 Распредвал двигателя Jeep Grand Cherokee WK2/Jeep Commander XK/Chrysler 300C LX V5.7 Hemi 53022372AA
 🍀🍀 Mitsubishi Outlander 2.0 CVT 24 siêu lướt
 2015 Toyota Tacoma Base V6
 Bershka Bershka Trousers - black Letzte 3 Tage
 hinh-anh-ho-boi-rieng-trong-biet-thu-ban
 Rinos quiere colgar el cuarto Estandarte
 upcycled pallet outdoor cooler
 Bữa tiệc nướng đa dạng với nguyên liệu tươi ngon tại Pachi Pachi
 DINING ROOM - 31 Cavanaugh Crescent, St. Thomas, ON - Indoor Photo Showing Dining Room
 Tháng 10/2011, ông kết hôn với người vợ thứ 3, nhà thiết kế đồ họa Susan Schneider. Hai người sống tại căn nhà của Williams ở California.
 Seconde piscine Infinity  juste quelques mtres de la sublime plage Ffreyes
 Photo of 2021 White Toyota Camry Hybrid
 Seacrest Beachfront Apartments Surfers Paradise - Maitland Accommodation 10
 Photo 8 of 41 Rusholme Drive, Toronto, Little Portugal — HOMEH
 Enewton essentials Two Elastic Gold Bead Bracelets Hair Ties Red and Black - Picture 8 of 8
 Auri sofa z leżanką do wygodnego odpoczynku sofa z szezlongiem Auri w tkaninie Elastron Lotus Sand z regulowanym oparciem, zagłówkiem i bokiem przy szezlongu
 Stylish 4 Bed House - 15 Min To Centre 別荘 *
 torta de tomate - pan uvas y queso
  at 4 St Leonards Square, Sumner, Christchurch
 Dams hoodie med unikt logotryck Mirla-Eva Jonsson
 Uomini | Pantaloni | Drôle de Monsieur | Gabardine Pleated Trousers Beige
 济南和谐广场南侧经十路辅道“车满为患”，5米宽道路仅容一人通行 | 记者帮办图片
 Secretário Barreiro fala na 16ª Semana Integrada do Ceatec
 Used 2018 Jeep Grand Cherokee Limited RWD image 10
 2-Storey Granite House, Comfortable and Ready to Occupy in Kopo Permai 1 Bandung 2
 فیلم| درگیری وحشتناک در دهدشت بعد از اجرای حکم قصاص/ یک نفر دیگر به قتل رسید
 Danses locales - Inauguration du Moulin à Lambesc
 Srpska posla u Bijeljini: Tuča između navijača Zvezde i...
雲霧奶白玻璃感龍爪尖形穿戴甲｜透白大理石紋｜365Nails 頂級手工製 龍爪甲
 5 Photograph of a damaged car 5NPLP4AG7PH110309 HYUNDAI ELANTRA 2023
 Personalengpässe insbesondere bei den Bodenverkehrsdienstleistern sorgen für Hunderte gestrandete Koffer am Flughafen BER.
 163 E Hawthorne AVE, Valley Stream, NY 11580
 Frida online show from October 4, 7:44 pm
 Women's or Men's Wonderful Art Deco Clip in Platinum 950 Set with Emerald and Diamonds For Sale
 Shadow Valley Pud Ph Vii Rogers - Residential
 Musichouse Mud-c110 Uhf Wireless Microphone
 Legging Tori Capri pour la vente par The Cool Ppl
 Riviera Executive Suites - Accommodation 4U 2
-- -- --
[What is needed]:
Set down, word for word, every line from the line that holds "163 E Hawthorne AVE, Valley Stream, NY 11580" to the end of the entries above, including both ends.

[Response]:
 163 E Hawthorne AVE, Valley Stream, NY 11580
 Frida online show from October 4, 7:44 pm
 Women's or Men's Wonderful Art Deco Clip in Platinum 950 Set with Emerald and Diamonds For Sale
 Shadow Valley Pud Ph Vii Rogers - Residential
 Musichouse Mud-c110 Uhf Wireless Microphone
 Legging Tori Capri pour la vente par The Cool Ppl
 Riviera Executive Suites - Accommodation 4U 2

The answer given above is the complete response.